Vietnamese Labor Activist Released From Prison After Serving Full Term

RFA, February 25, 2019

Union activist Nguyen Hoang Quoc Hung

A Vietnamese workers’ rights activist handed a nine-year sentence in 2010 for helping to launch a strike was released at the weekend after serving his full term in prison, sources in the country told RFA on Sunday.

Nguyen Hoang Quoc Hung had been held at the Xuyen Moc prison in southeastern coastal Vietnam’s Ba Ria – Vung Tau province and was warmly greeted by friends and supporters on his return, another activist and former prisoner told RFA’s Vietnamese Service.

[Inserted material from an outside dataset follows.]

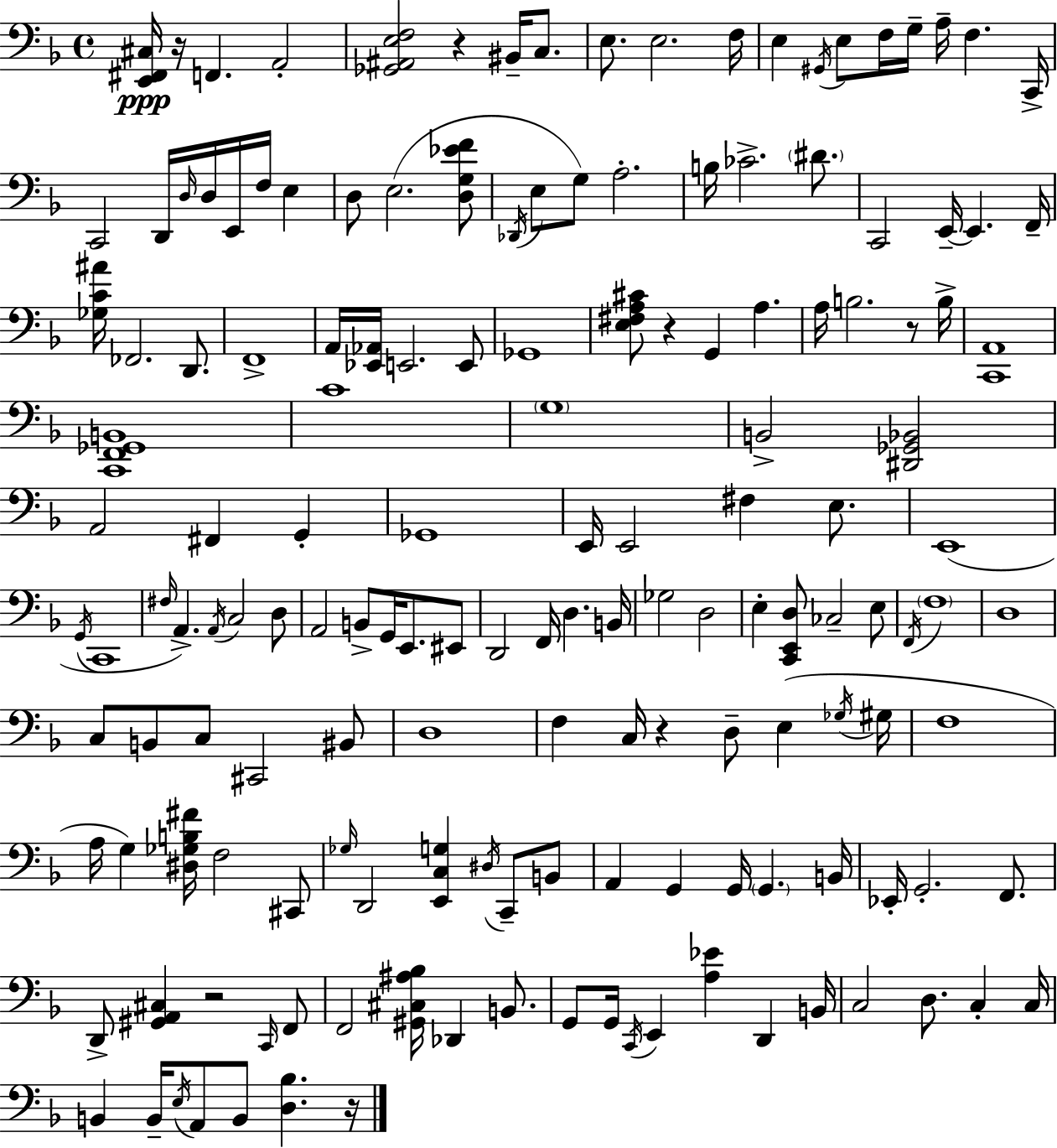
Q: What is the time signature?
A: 4/4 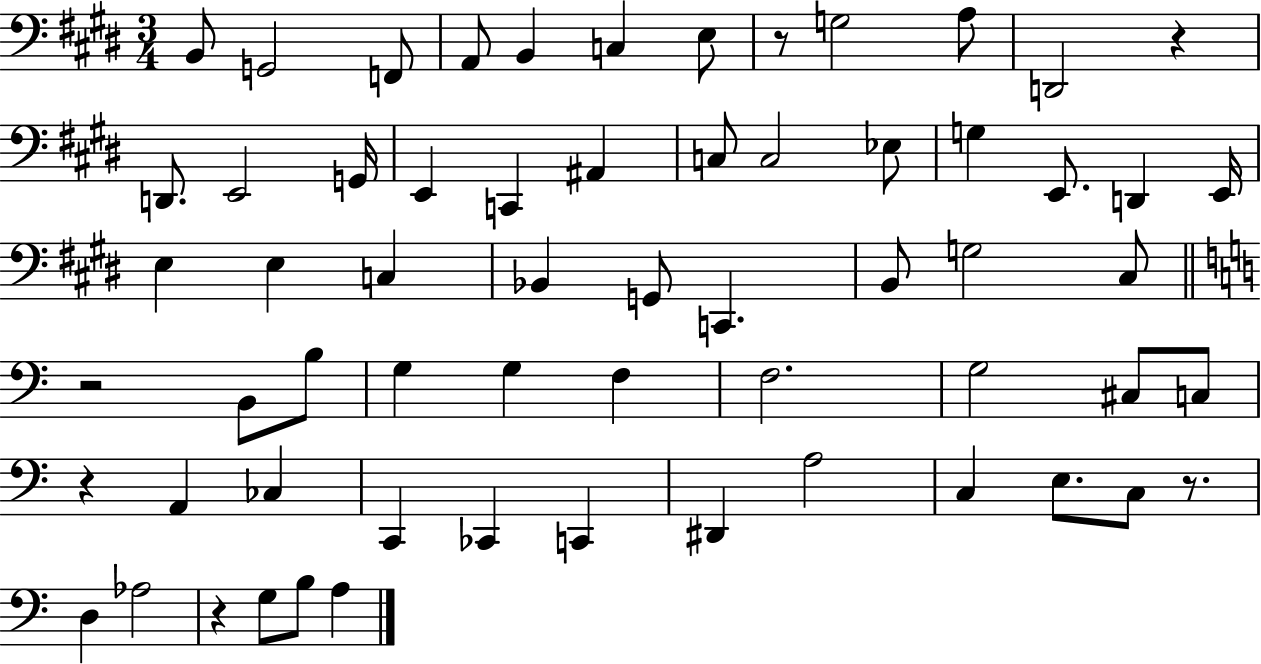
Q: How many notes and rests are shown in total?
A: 62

“I’m so happy now, because a colleague is coming home after nine years,” said Do Thi Minh Hanh, who was sentenced with Hung and served four years of a seven-year sentence before her release in poor health.

“This is what people feel who have endured hardships together in a common fight,” Hanh said, adding, “Today, I see him coming home in person and with a strong and unbroken will.”

“Nothing could be more excellent,” she said.

Hung is now much thinner than when he was arrested, Hanh said, recalling that during the initial investigation of their case, Hung had kept silent to protect two colleagues arrested with him, and had suffered severe beatings at the hands of the police.

Nguyen Hoang Quoc Hung was accused of inciting workers to go on strike at the My Phong footwear company in Tra Vinh province in southern Vietnam’s Mekong Delta region, where thousands protested in January and February 2010 for better working conditions and higher wages.

Hung was sentenced on Oct. 27 that year to nine years in prison on charges of disturbing public order and “acting against the people’s administration,” according to Article 89 of Vietnam’s Penal Code.

Sentenced alongside Hung were two other activists, Do Thi Minh Hanh—who received a seven-year term for leafleting in support of striking workers—and Doan Huy Chuong, who was also handed a seven-year sentence.

While in prison, Hanh was frequently shackled and repeatedly beaten, both by guards and by common criminals who had been urged by police to attack her, Hanh’s mother told a U.S. congressional commission in January 2014 while calling for international support to press for Hanh’s release.

Hanh was released without explanation, but in poor health, in June of that year, three years before her sentence ended.